16 de May de 2026 Publicado | Traducido del español

A tensão no estreito de Ormuz sobe mais um degrau. Dois caça-minas italianos, o Crotone e o Rimini, partiram do porto siciliano de Augusta com destino a Djibuti, onde a Itália mantém uma base estratégica. A missão, anunciada pelo ministro Guido Crosetto, busca antecipar um possível conflito na região, já que as forças aliadas levariam quase um mês para chegar de suas posições atuais.

Dois caça-minas italianos partem da Sicília rumo a Djibuti para proteger o estreito de Ormuz de minas.

Navegação lenta e escolta antiaérea para um desdobramento técnico 🚢

Os caça-minas, especializados em localizar e neutralizar artefatos explosivos submarinos, navegarão a baixa velocidade escoltados pelo navio de apoio logístico Atlante e pela unidade multirrol Montecuccoli, dotada de capacidade de defesa aérea. A tripulação, cerca de 400 efetivos treinados no Mediterrâneo, se integrará a um futuro dispositivo de uma vintena de nações. A área é perigosa pelas minas que o Irã poderia implantar para bloquear o trânsito de petroleiros.

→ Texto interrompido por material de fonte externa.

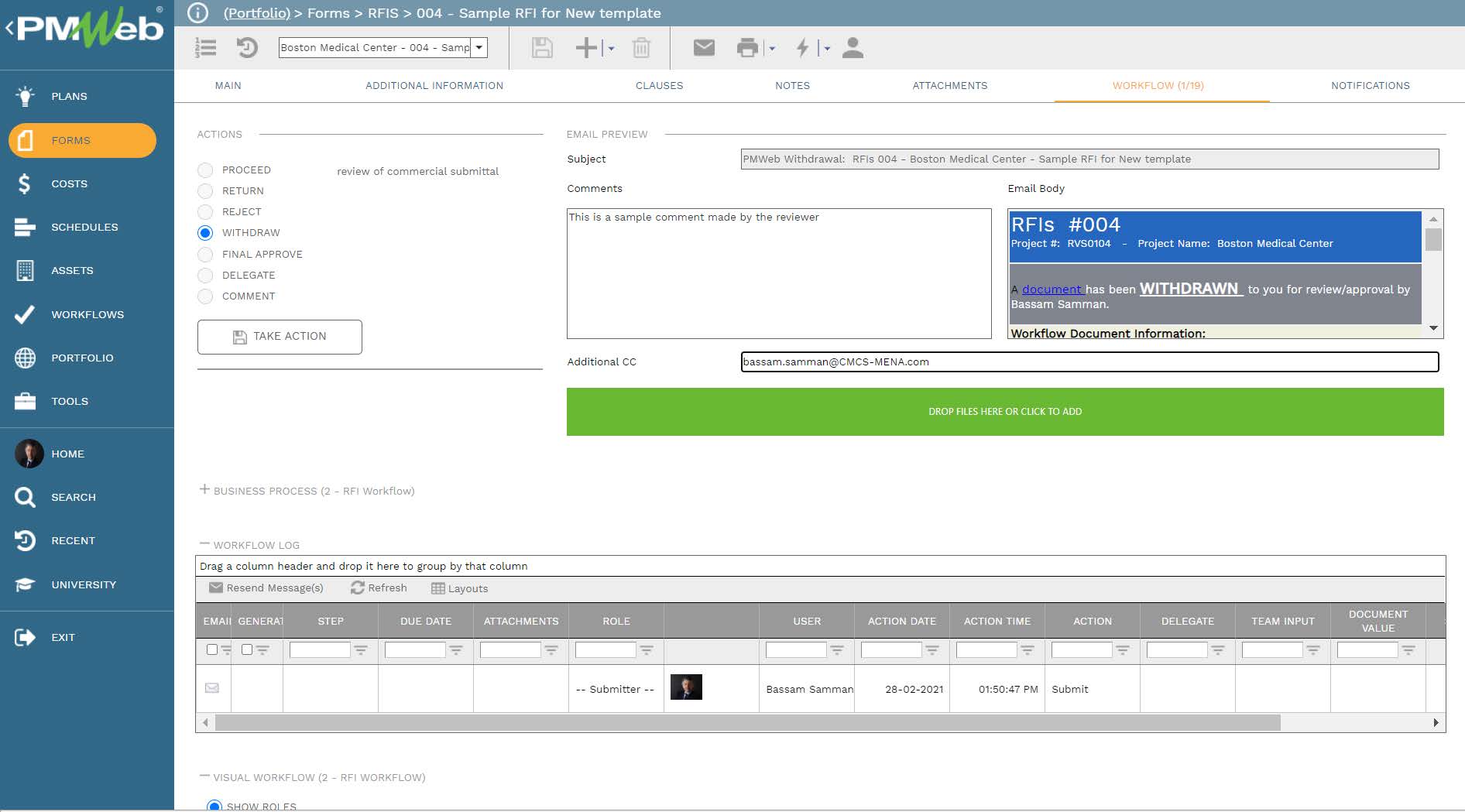 PMWeb 7 Forms RFIs Sample RFI for New Template
Workflow
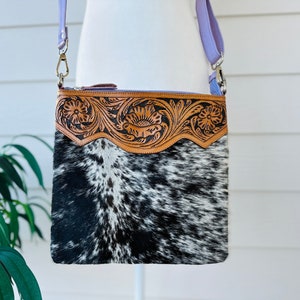 Cowhide Crossbody Purse Tooled Leather Clutch Messenger Bag Western Handbag  Brown Lavender Real Cow Print | Gifts for Her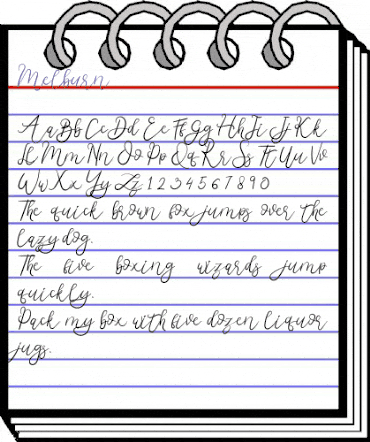 Melburn Regular animated font preview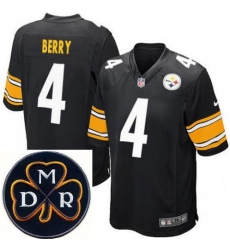 Men's Nike Pittsburgh Steelers #4 Jordan Berry Elite Black NFL MDR Dan Rooney Patch Jersey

Varrendo o mar, mas a passo de tartaruga 🐢

A Marinha italiana enviou seus melhores varredores de minas, que viajam tão devagar que poderiam chegar a Djibuti bem a tempo de ver a crise ser resolvida no telejornal. Isso sim, com 400 marinheiros a bordo e escolta armada, pelo menos terão tempo de sobra para jogar bingo no convés enquanto cruzam o canal de Suez. A OTAN respira aliviada: finalmente alguém chega atrasado com estilo.